Da quella tigre in mansueto aspetto
     Fors’anco alla meschina in cor fu posto
     120(Che non crede fanciulla al suo diletto?)
Come ambeduo le genti, non sì tosto
     Lor nodo marital fosse palese,
     Avria le sanguinose ire deposto.
La poverella mia, senza difese
     125Contro forza d’amore e di pietade,
     Ella che sempre a comun pace intese,
Ella nel fior della ridente etade,
     Ella che nova in tutto si rimase
     Del falso mondo e di sue torte strade,
130Dal menzogner che sì la persuase,
     Tutta rapita in sua dolce speranza,
     Trar si lasciò delle paterne case.
Pensa quand’io, per amorosa usanza
     Nè presago in mio cor di nostro danno,
     135Riposi il piè nella deserta stanza!

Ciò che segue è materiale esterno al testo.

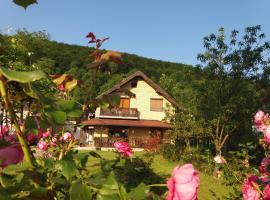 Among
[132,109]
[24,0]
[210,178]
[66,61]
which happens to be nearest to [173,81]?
[132,109]

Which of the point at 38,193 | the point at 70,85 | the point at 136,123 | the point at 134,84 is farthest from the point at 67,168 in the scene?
the point at 134,84

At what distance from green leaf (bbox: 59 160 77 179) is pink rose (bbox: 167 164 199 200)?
205mm

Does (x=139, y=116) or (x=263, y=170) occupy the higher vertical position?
(x=139, y=116)

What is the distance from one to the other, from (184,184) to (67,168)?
0.82 ft

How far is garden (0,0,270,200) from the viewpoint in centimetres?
77

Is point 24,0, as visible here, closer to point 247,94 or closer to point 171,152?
point 247,94

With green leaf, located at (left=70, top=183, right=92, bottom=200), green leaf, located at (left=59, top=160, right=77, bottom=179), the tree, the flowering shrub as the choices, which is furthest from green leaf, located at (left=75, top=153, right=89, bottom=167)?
the tree

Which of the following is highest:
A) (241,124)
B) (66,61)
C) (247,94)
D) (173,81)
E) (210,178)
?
(66,61)

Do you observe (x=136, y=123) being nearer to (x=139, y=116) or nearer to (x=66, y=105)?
(x=139, y=116)

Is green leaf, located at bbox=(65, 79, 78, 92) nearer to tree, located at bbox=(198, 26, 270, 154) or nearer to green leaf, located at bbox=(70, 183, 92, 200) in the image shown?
green leaf, located at bbox=(70, 183, 92, 200)

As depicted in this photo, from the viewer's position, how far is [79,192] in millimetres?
717

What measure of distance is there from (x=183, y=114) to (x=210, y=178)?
282 inches

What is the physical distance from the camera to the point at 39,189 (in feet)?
2.56

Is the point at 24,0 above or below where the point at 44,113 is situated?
above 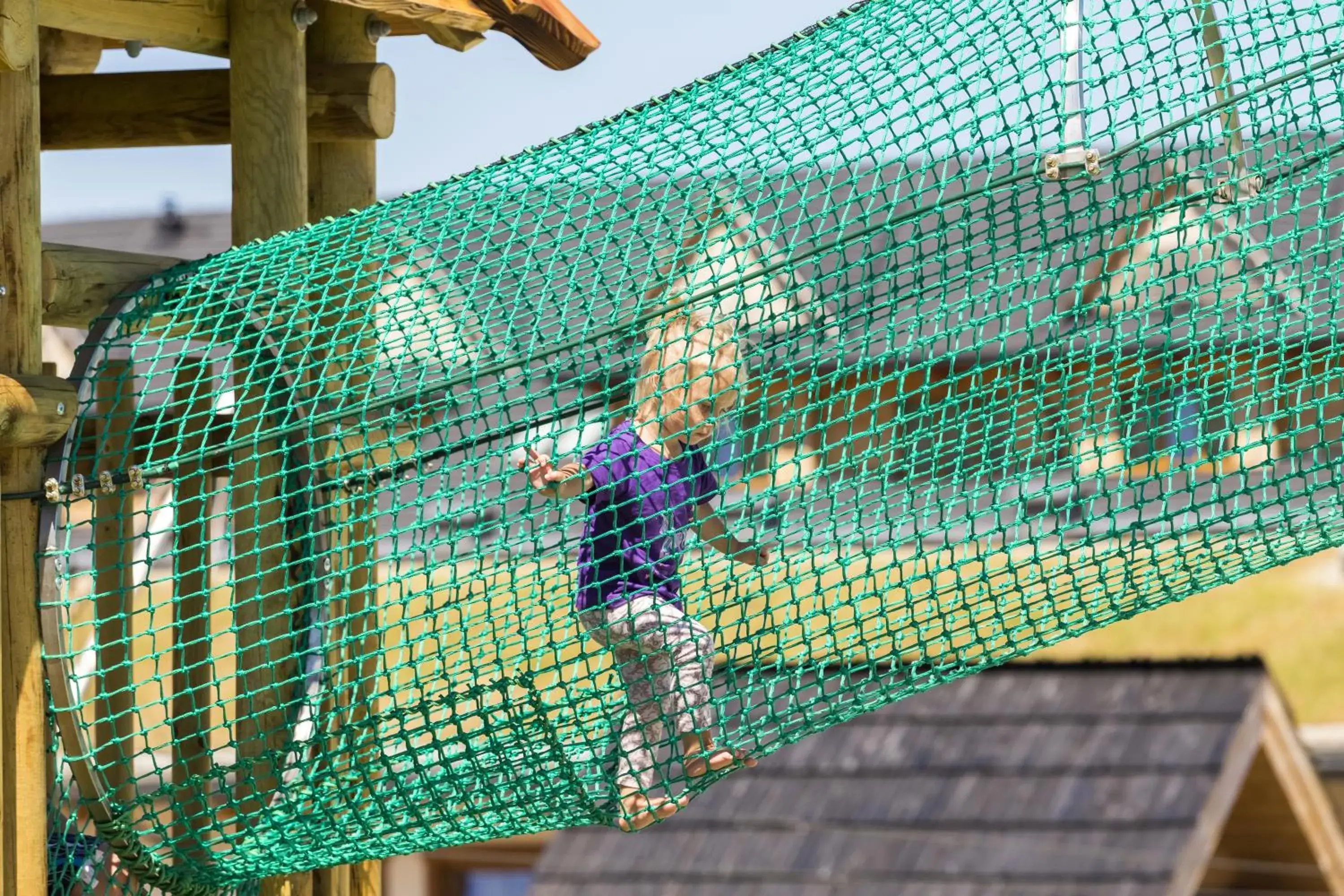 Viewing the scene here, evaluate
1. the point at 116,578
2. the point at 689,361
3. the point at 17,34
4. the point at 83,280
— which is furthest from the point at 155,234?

Che val ch’io dica lo stupor, l’affanno
     E l’inchiedere e ’l correre e ’l chiamare,
     Di sventura temendo e non d’inganno?
Cerchiam tutti il castello; e quando pare
     140Che quivi nulla omai speme rimagna
     Di riscontrar quelle sembianze care,
Io forsennato e il più della compagna
     Gente, di tutto obliviosi allora,
     Fuori ci disperdiam per la campagna.
145Ahi ch’era questa la terribil ora
     Apparecchiata dalle inique frodi!
     Chè i Ronchi dell’agguato uscendo fuora,
Visto libero il varco e sì di prodi
     Scema la terra, dentro s’avventaro,
     150Come lupi in ovil senza custodi.